* EXERCISE OBJECTIVE *
Without including any pictures, give back all of the data exactly.

* GIVEN MATERIAL *

BEGIN

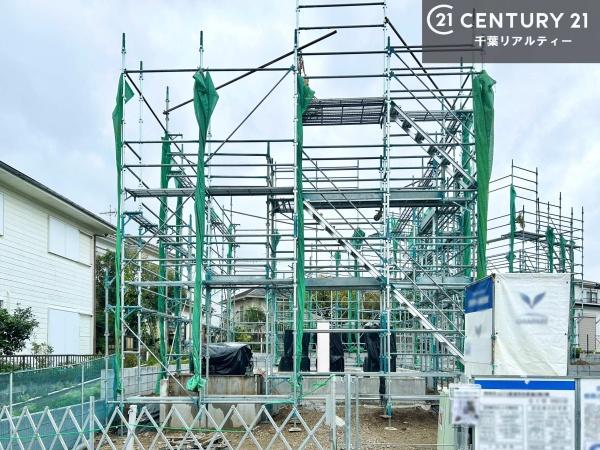 君津市外箕輪1丁目の新築一戸建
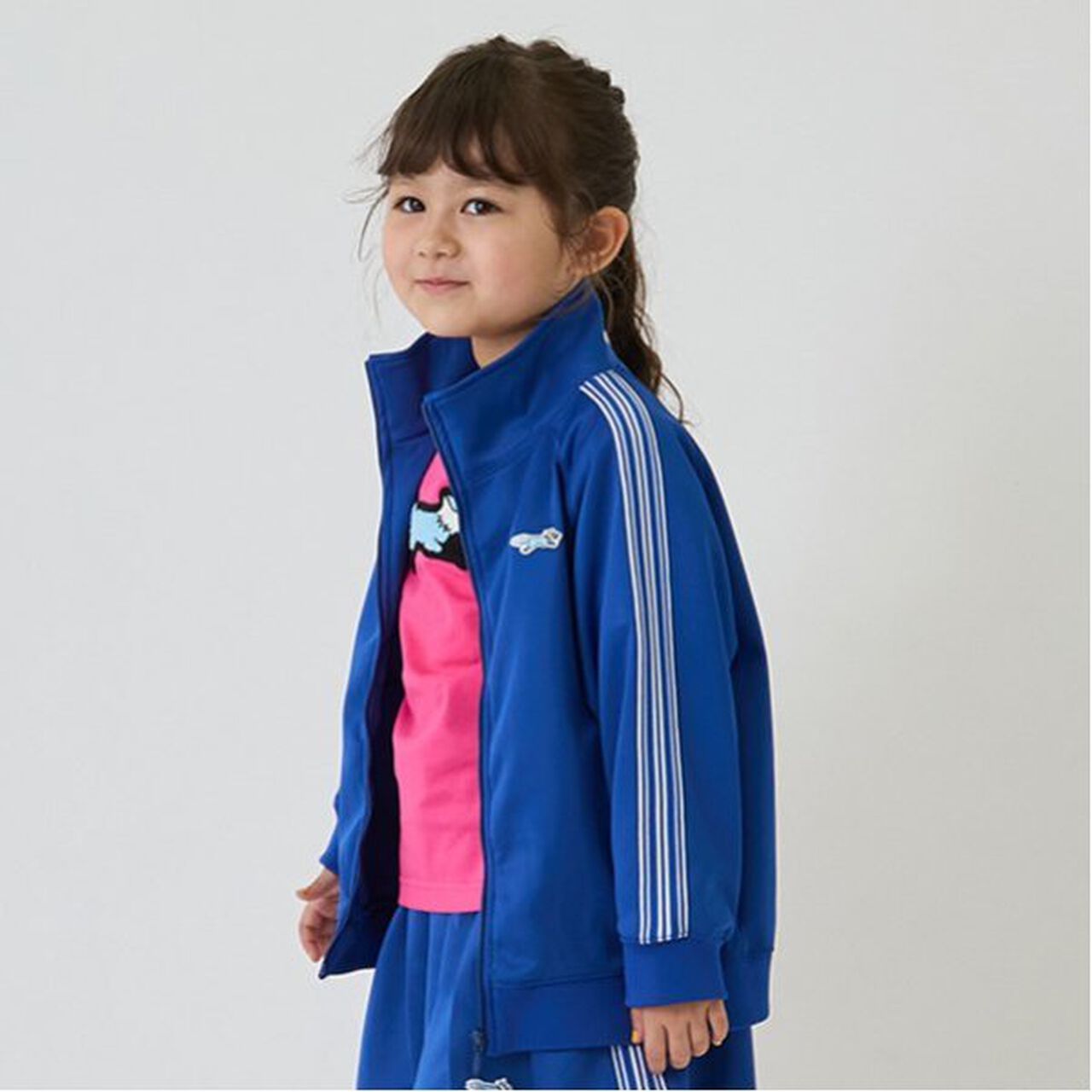 [The FOX] Track Jacket,Black, large image number 8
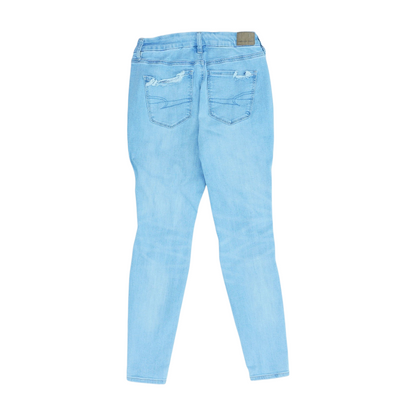 Blue Skinny Jeans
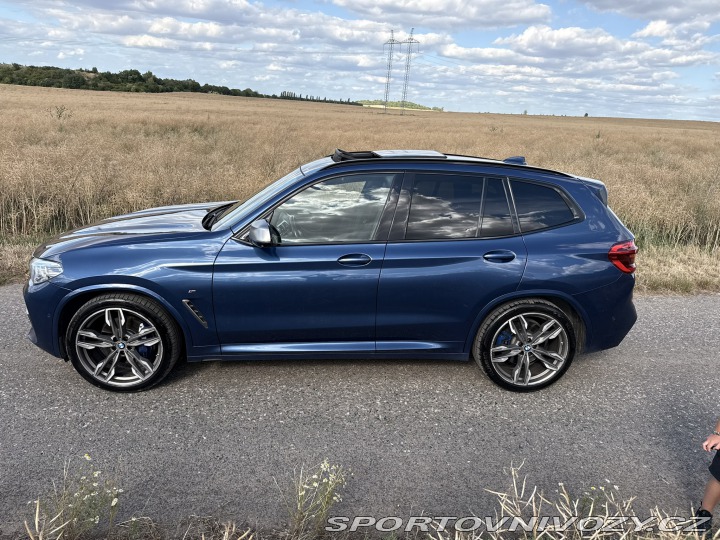 BMW X3 2018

END

* SOLVED PROBLEM *
 君津市外箕輪1丁目の新築一戸建
 [The FOX] Track Jacket,Black, large image number 8
 Blue Skinny Jeans
 BMW X3 2018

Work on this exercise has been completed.